By A Special Correspondent
First publised on 2021-07-18 05:51:57
When there was a drone attack on the Air Force Station in Jammu last month, there was an apprehension that the Centre would change its policy for allowing drones for private and commercial use and make it stringent, thereby restricting use of unmanned aerial vehicles (UAV). Thankfully, the government has not taken that route. Recognizing the fact that any new and advancing technology will have both constructive and destructive use, the civil aviation ministry has released draft rules for use of drones that is liberal and is likely to enthuse those who wish to use drones in many normal and critical operations.
Drones can be used for many applications including photography, police surveillance, relief operations, farming, mining, delivery, research and more. As the technology advances, more and better benign applications will be added. If a blanket ban was placed on their use, some sectors would not have been able to benefit from advancing technology. The new policy does a good job of striking a balance between the security threat and benign use as it is neither anti-technology nor too pro-security.
The government has gone for single-window clearances while mandating that UAV's above a certain weight will require a unique ID that can be created on digital sky platform. Also, colour-coded zones have been created for the airspace and permission will be needed for certain heights and in specific areas. Other than that, the rules have been relaxed and small non-commercial drones will be free to fly without hassle. The policy is to apply countermeasures like real-time tracking beacons and geofencing.

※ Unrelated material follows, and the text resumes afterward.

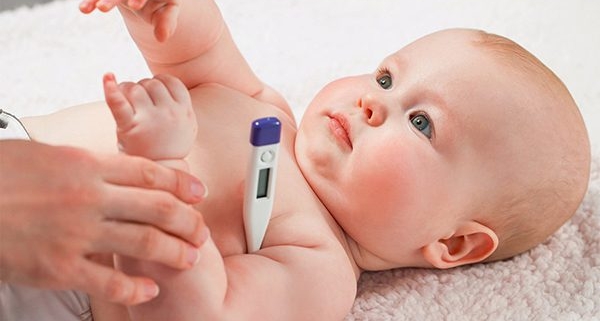 خدمات ویژه آمبولانس خصوصی سفیر حیات | انتقال ایمن بیماران اورژانسی و مراقبت‌های ویژه در تهران، کرج و سراسر ایران با تجهیزات مدرن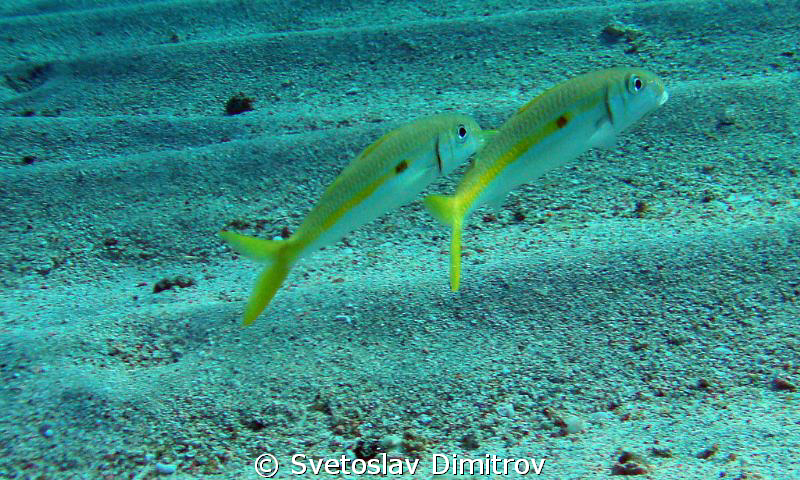 A couple of goat fishes by Svetoslav Dimitrov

To prevent the destructive use of drones, the response has to be multi-faceted. Since advanced drones can hit specific targets with precision, it will be necessary to protect critical assets across the country from drone strikes. While the Army and the Air Force are expected to invest in state of the art technology that neutralizes the threat from drones by putting in place equipment that detect, alert and neutralize the threat, other security agencies will take need-based measures. India is looking at both soft-kill and hard-kill systems.